__About this task__: Pictures do not belong in the copy; quote every entry below exactly.

__Exercise data__:
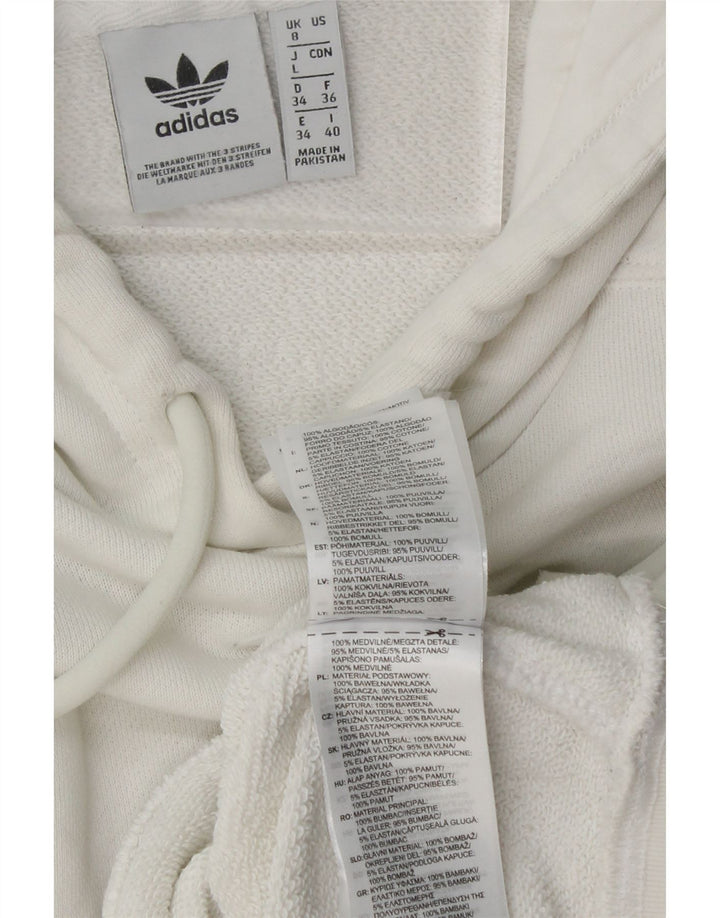 ADIDAS Pull à capuche court surdimensionné pour femme UK 8 Petit coton blanc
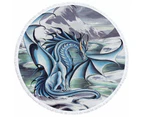150cm Round Beach Towel Frostbringer Blue Dragon Drawing Round Beach Towel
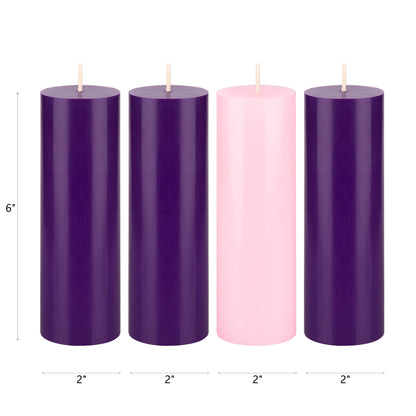 Mega Candles 4 pcs Unscented Christmas Advent Candles Set, Hand Poured Premium Wax Round Pillar Candle 2 Inch x 6 Inch, Holidays, Occasions, Events, Festivitiess, Devotional, Church, Wreath, Gifts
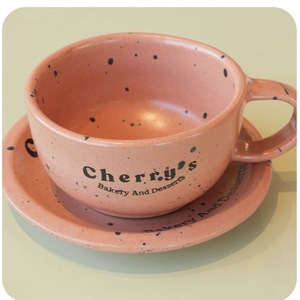 Drivu Cherry’s Latte Cup and Saucer —Matte Edition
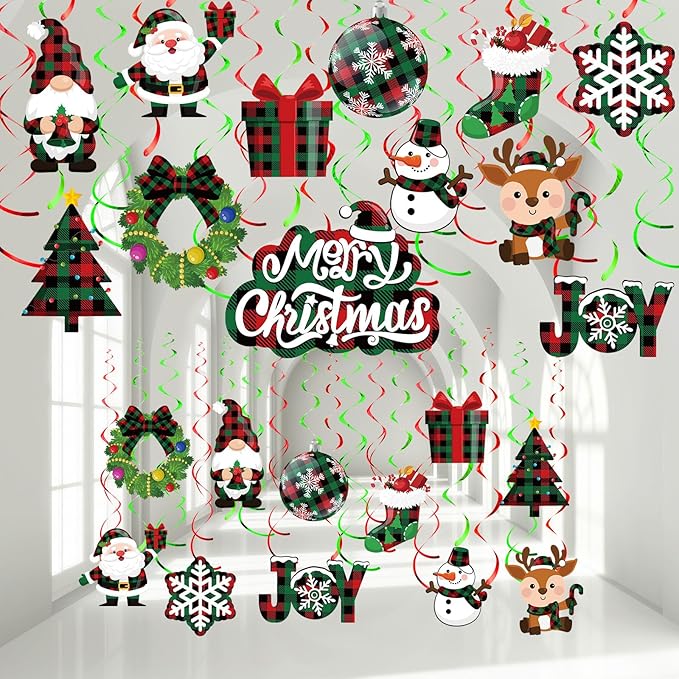 Sumind 30 Pcs Christmas Swirl Ceiling Hanging Decorations Set Xmas Holiday Snowman Elk Sign Hanging Foil Christmas Indoor Decorations for Ceiling Xmas Holiday Party Decor(Red, Green)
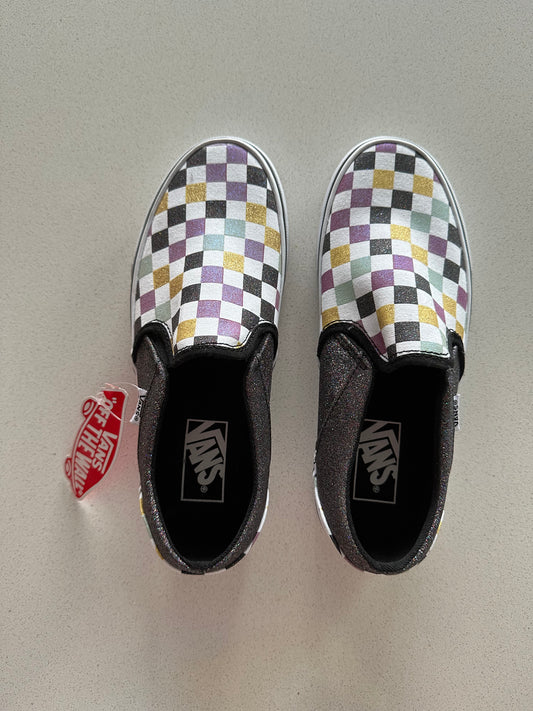 VANS Checkered Sparkle Slip Ons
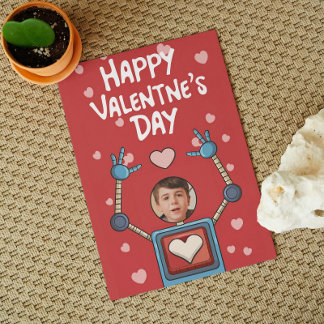Robot Valentines Day Photo Classroom Holiday Card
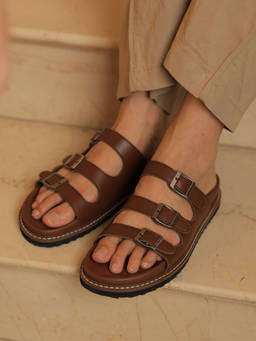 SLASH O - Cairo - Tan Casual Flat Sandals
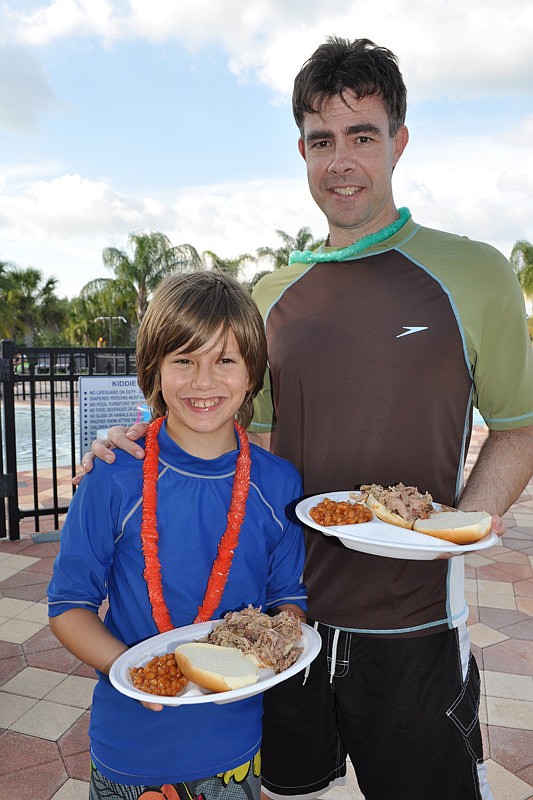 Brandon Majercin, 10, grabbed some dinner with his father, David.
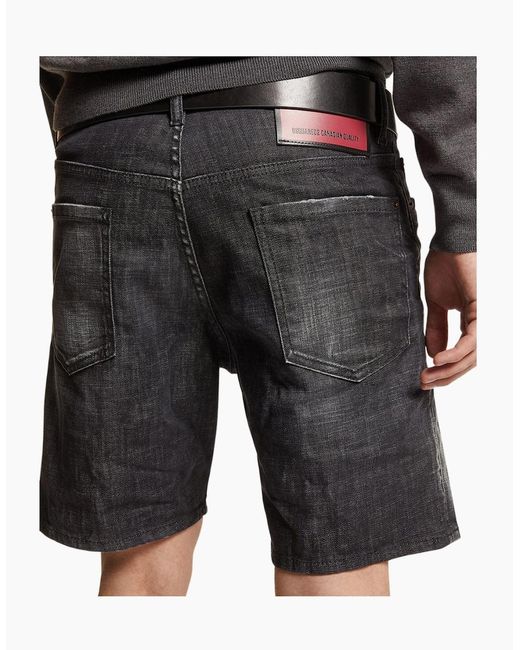 DSquared² Gray Marine Bermuda Denim Shorts for men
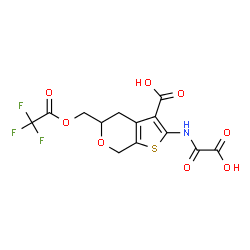 ChemSpider 2D Image | 2-[(Carboxycarbonyl)amino]-5-[(2,2,2-trifluoroacetoxy)methyl]-4,7-dihydro-5H-thieno[2,3-c]pyran-3-carboxylic acid | C13H10F3NO8S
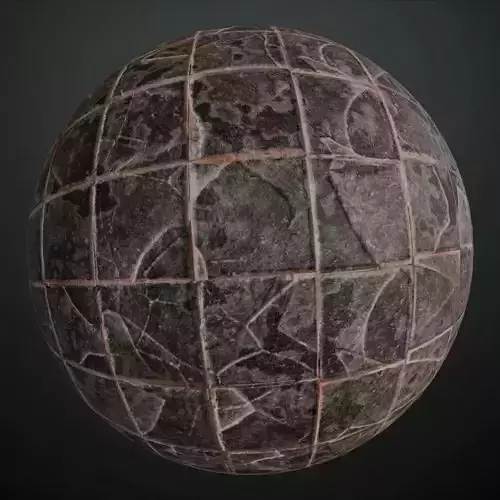 Industrial Cracked Dark Stone Tiles PBR Seamless Texture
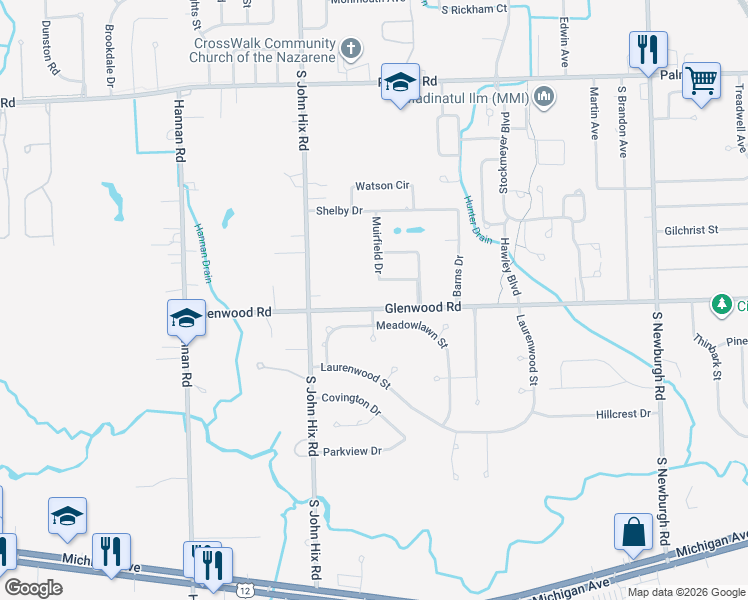 map of restaurants, bars, coffee shops, grocery stores, and more near 38604 Glenwood Road in Westland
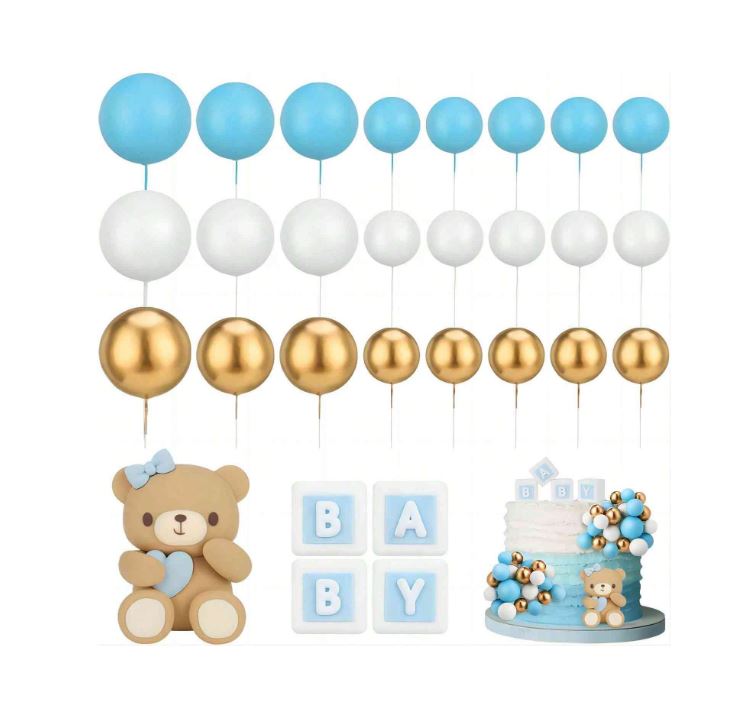 29 Pcs White, Blue and Gold Foam Ball with  Bear Cake Topper Set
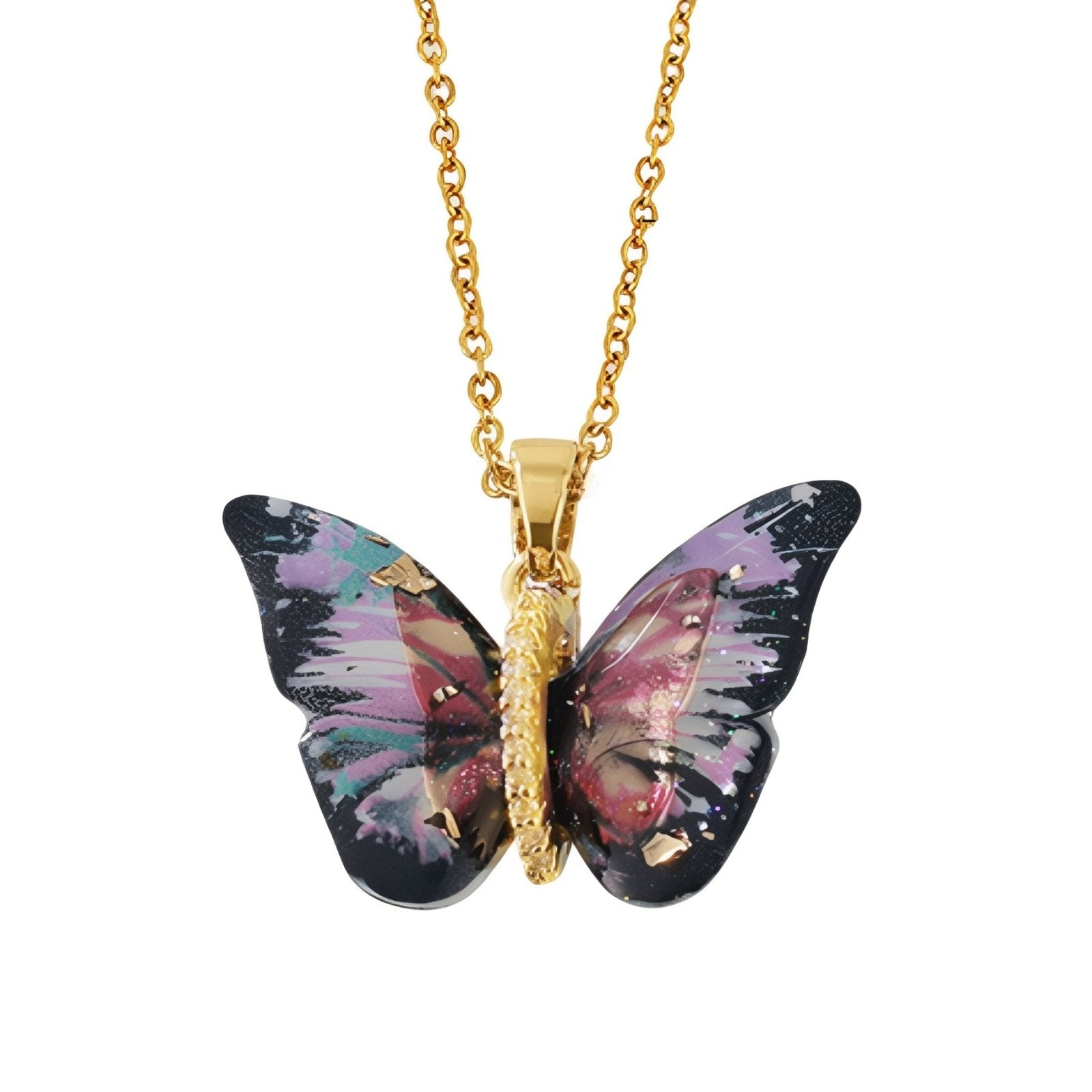 Collier pendentif papillon multicolore, effet dégradé, en résine et acier inoxydable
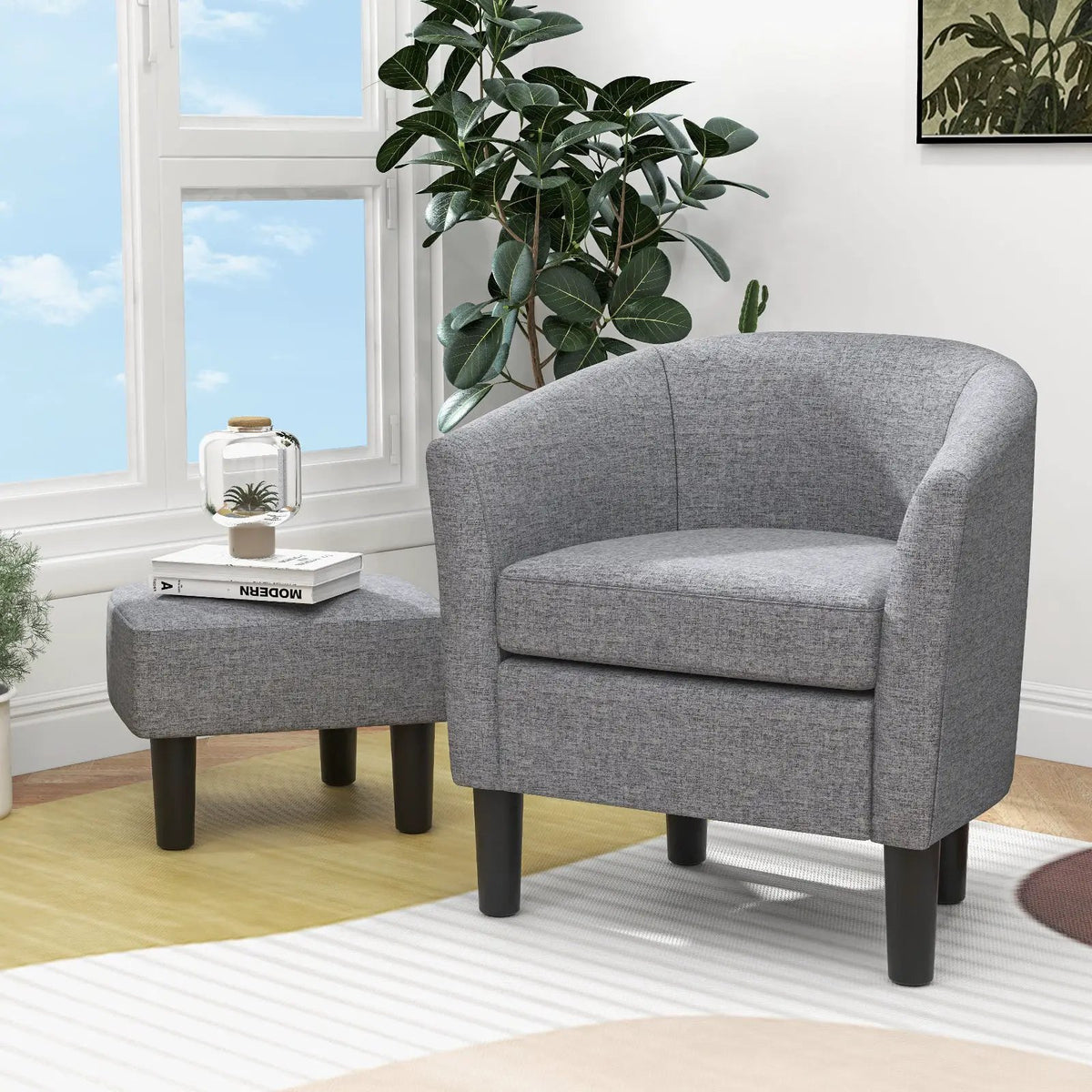 Barrel Club Chair with Ottoman Set Linen Fabric Accent Chair with Footrest by DirectDeals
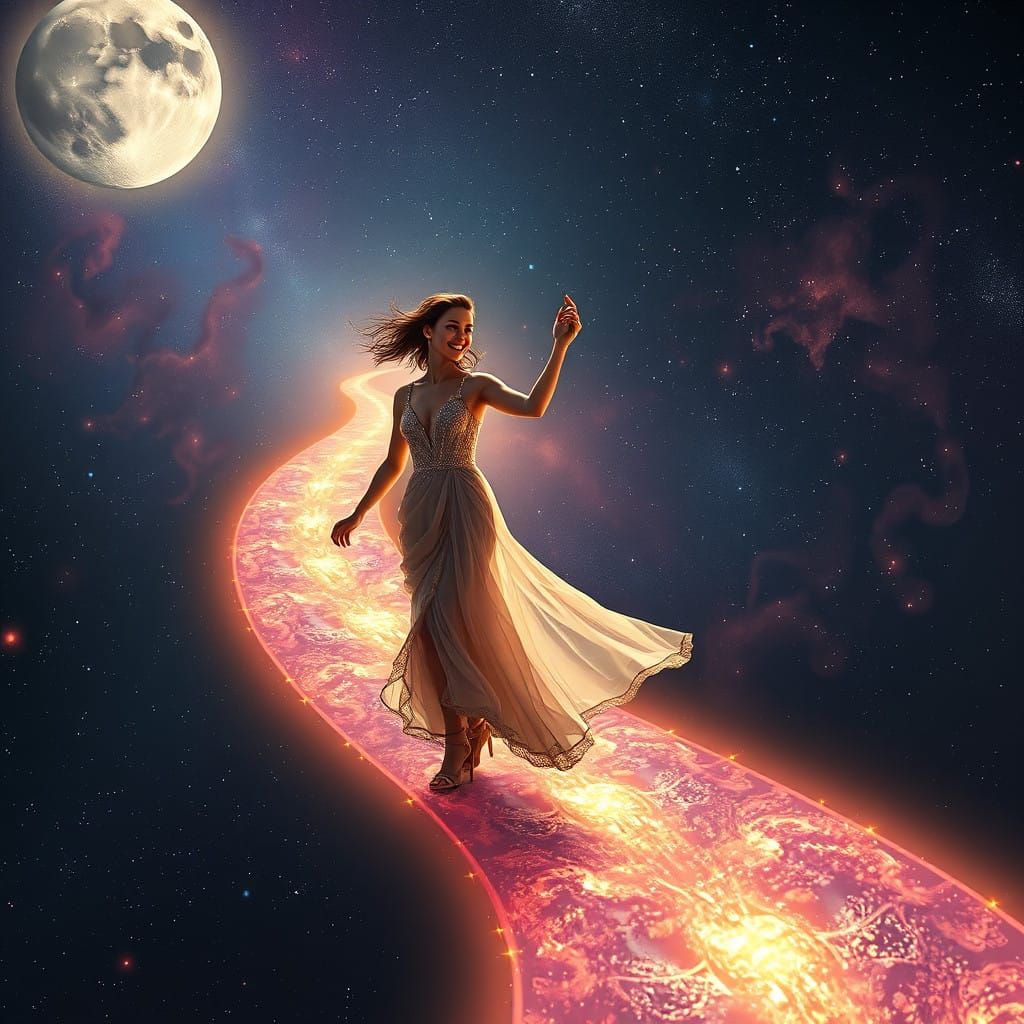 Couple Dancing Under Starry Cosmos in Dreamlike Matte Painti...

__Exercise answer__:
 ADIDAS Pull à capuche court surdimensionné pour femme UK 8 Petit coton blanc
150cm Round Beach Towel Frostbringer Blue Dragon Drawing Round Beach Towel
 Mega Candles 4 pcs Unscented Christmas Advent Candles Set, Hand Poured Premium Wax Round Pillar Candle 2 Inch x 6 Inch, Holidays, Occasions, Events, Festivitiess, Devotional, Church, Wreath, Gifts
 Drivu Cherry’s Latte Cup and Saucer —Matte Edition
 Sumind 30 Pcs Christmas Swirl Ceiling Hanging Decorations Set Xmas Holiday Snowman Elk Sign Hanging Foil Christmas Indoor Decorations for Ceiling Xmas Holiday Party Decor(Red, Green)
 VANS Checkered Sparkle Slip Ons
Robot Valentines Day Photo Classroom Holiday Card
 SLASH O - Cairo - Tan Casual Flat Sandals
 Brandon Majercin, 10, grabbed some dinner with his father, David.
 DSquared² Gray Marine Bermuda Denim Shorts for men
 ChemSpider 2D Image | 2-[(Carboxycarbonyl)amino]-5-[(2,2,2-trifluoroacetoxy)methyl]-4,7-dihydro-5H-thieno[2,3-c]pyran-3-carboxylic acid | C13H10F3NO8S
 Industrial Cracked Dark Stone Tiles PBR Seamless Texture
 map of restaurants, bars, coffee shops, grocery stores, and more near 38604 Glenwood Road in Westland
 29 Pcs White, Blue and Gold Foam Ball with  Bear Cake Topper Set
 Collier pendentif papillon multicolore, effet dégradé, en résine et acier inoxydable
 Barrel Club Chair with Ottoman Set Linen Fabric Accent Chair with Footrest by DirectDeals
 Couple Dancing Under Starry Cosmos in Dreamlike Matte Painti...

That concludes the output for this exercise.